Although many viewers questioned the legitimacy of this image, according to the Galveston County Daily News it was indeed snapped at La Vita Bella nursing home in Dickinson, Texas (a city in Galveston County), from which fifteen senior citizens were evacuated by helicopter as the flood waters rose:

Fifteen senior citizens were evacuated from the La Vita Bella nursing home in Dickinson, David Popoff, the city’s emergency management coordinator confirmed on Sunday afternoon.

Poppoff said the residents were rescued by helicopter.

“We were air-lifting grandmothers and grandfathers,” Popoff said.

The picture was shared on Twitter by Timothy McIntosh, whose said his mother-in-law owns the assisted-living home.

His wife, Kimberly McIntosh, said her mother sent the picture at 9 a.m. [Sunday] morning.

“She said it was a disaster and they were hoping the national guard would come,” Kimberly McInstosh said.

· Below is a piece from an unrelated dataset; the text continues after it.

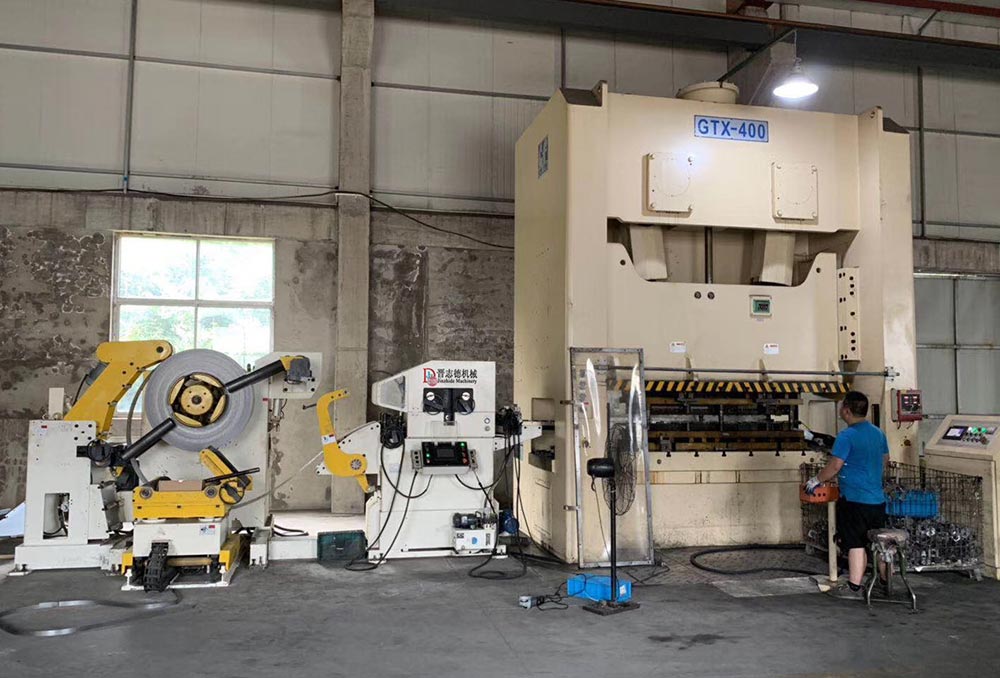 厚板三合一送料機應用,汽車盤式制動器剎車片沖壓 厚板三合一送料機應用,汽車盤式制動器剎車片沖壓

According to CNN, the nursing home's management had been instructed not to evacuate residents from the facility in advance of the storm, and they were unable to contact anyone who could help them get everyone to safety once the home began flooding:

"My mom sent it to me at 9 this morning. She said it was a disaster," McIntosh said Sunday. "They [were] waiting for helicopters or the National Guard."

"Most of these people are in wheelchairs and [on] oxygen," she said.

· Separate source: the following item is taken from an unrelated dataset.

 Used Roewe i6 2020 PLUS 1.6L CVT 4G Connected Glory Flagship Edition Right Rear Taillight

McIntosh said that when she spoke to her mother, [Trudy] Lampson told McIntosh that the residence was not told to evacuate. Instead, they were instructed to stay in place and have a disaster plan.

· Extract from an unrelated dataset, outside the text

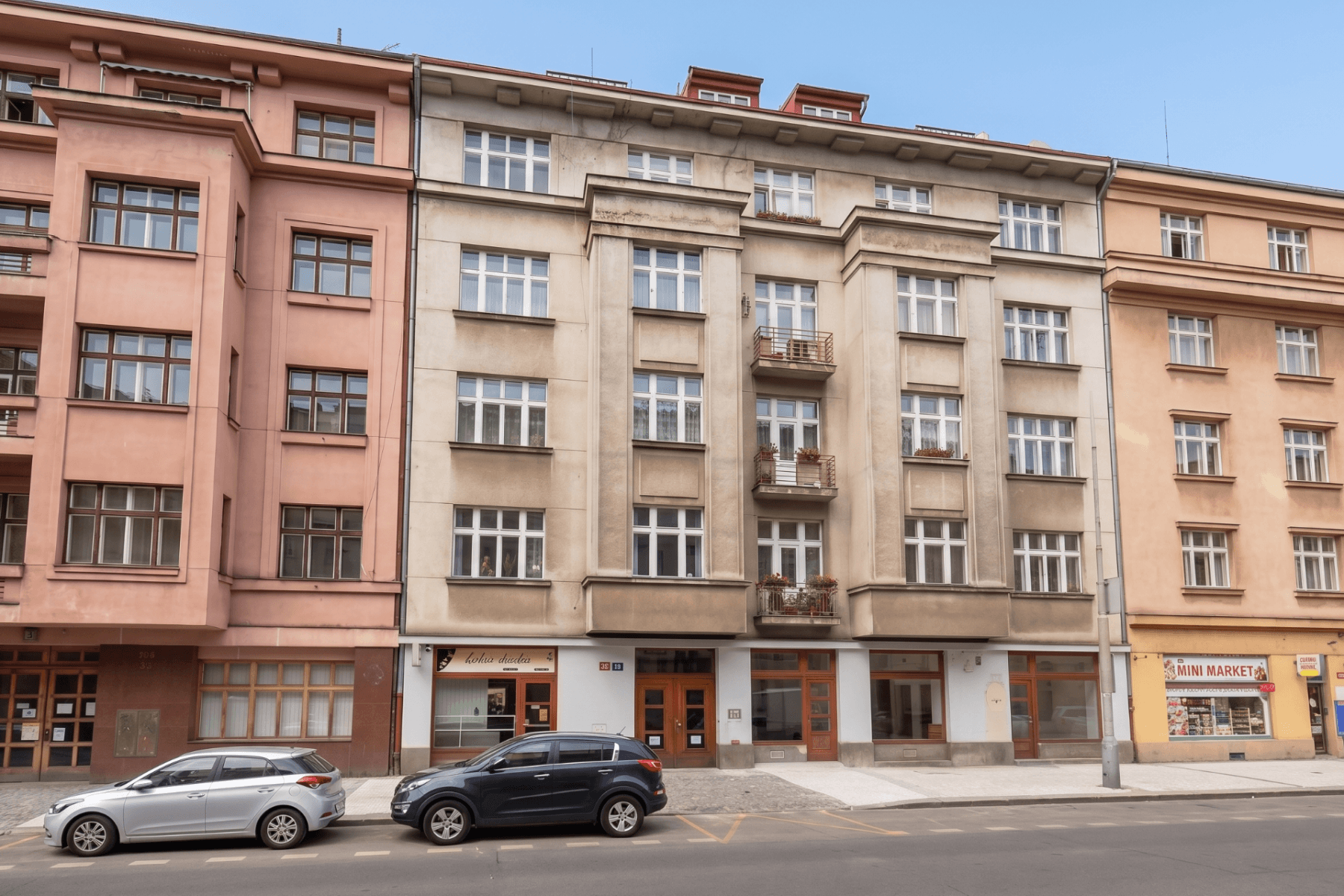 3 bedroom with open-plan kitchen flat for sale, 100 m², Československé armády, Prague, Prague 3 bedroom with open-plan kitchen flat for sale, 100 m², Československé armády, Prague, Prague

McIntosh [said] the water became waist-deep 10 to 15 minutes after it first started flowing through the doors.

But when the situation turned dire and Lampson began reaching out for a rescue, she was told that first-responders wouldn't be able to help, the daughter said.

"They were basically told no one was coming because they couldn't reach them," McIntosh said. "They might be put on a list, and that was it."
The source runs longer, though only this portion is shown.